The gourmet toast movement hit Dallas hard this year, but one spot keeps things simple while simultaneously making some of the best (and most affordable) toasts in town: Local Press + Brew. The healthy Oak Cliff coffee shop and juice bar uses fresh, hearty bread from local bakery Wheat & Sour topped with quality ingredients like Full Quiver Farms cream cheese, locally produced apple butter, cultured grass-fed butter and Himalayan salt. Don't skip their avocado toast — it's made simply with organic avocado, olive oil, red chili flakes and salt on whole wheat bread, but it's the best Dallas take on this trending toast.

Readers' Pick:

Babe's Chicken Dinner House

Rachel Cleaver

Frank Sinatra once crooned of New York: "If I can make it there, I'll make it anywhere." When it comes to the culinary world, making it means coming to New York to cook dinner for the James Beard House, an honor bestowed on Hutchins BBQ this year. The praise heaped on the McKinney joint (there's a second location in Frisco) is well deserved; traditional barbecue meats such as brisket, rib and sausage are standout examples of the craft, while the chicken and turkey drip with moist smoky flavor. There's not a weak link among the sides, and regulars know to save room for free peach cobbler. Recognition from the Beard Foundation for Hutchins' barbecue prowess is a high honor, but only confirms something we've known here in Dallas for some time.

Readers' Pick:

Pecan Lodge

The kind of crowd who loves cold-pressed juices are thirsty for all manner of health-conscious beverages, and Roots on Tap knows that. This new juice spot opened this year in Expo Park but offers more than just cold-pressed juices and smoothies. Roots on Tap makes their own nut milks, like cashew, almond and a blend called Almondretto (almond, coconut water, turmeric, vanilla bean and dates) and "spa waters" like the Aloe-ha Colada (aloe, pineapples, oranges) and tea/coffee smoothies. But all the healthy ingredients in the world won't interest folks unless it tastes good, and Roots on Tap has definitely hit the flavor mark. If only clean-eating always tasted this good.

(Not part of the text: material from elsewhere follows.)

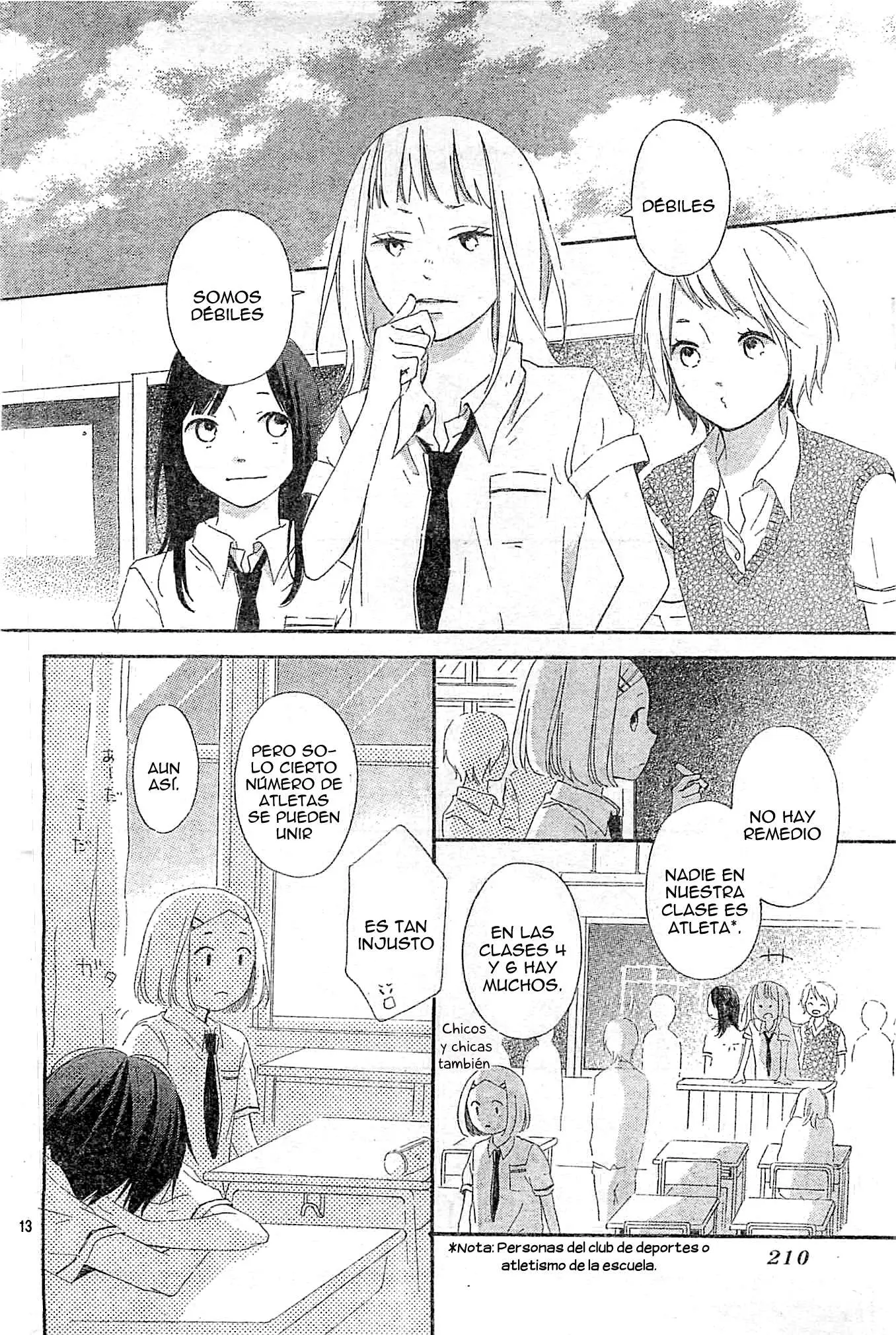 Fujishiro-san Kei (2012) - Capítulo 1 - Página 18 - LectorTMOo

In a city that gets as hot as Dallas, chilled caffeine options become incredibly important. Cold-brew isn't hard to find anymore — it's in just about every coffee shop in Dallas — but one local roaster consistently drips out some of the best cold-brew we've ever had: Noble Coyote Coffee Roasters. Beautifully smooth with hints of chocolate, warm vanilla and toasted marshmallows, Noble Coyote's cold-brew is made with small batch, ethically sourced, fresh-roasted single origin coffee that's been cold-brewed for 16 hours. It's bottled in adorable 16-oz. bottles that are easy to find around Dallas at spots like Whole Foods, Cox Farms Market and on nitro tap at bars like LUCK, Eight Bells Alehouse and Braindead Brewing.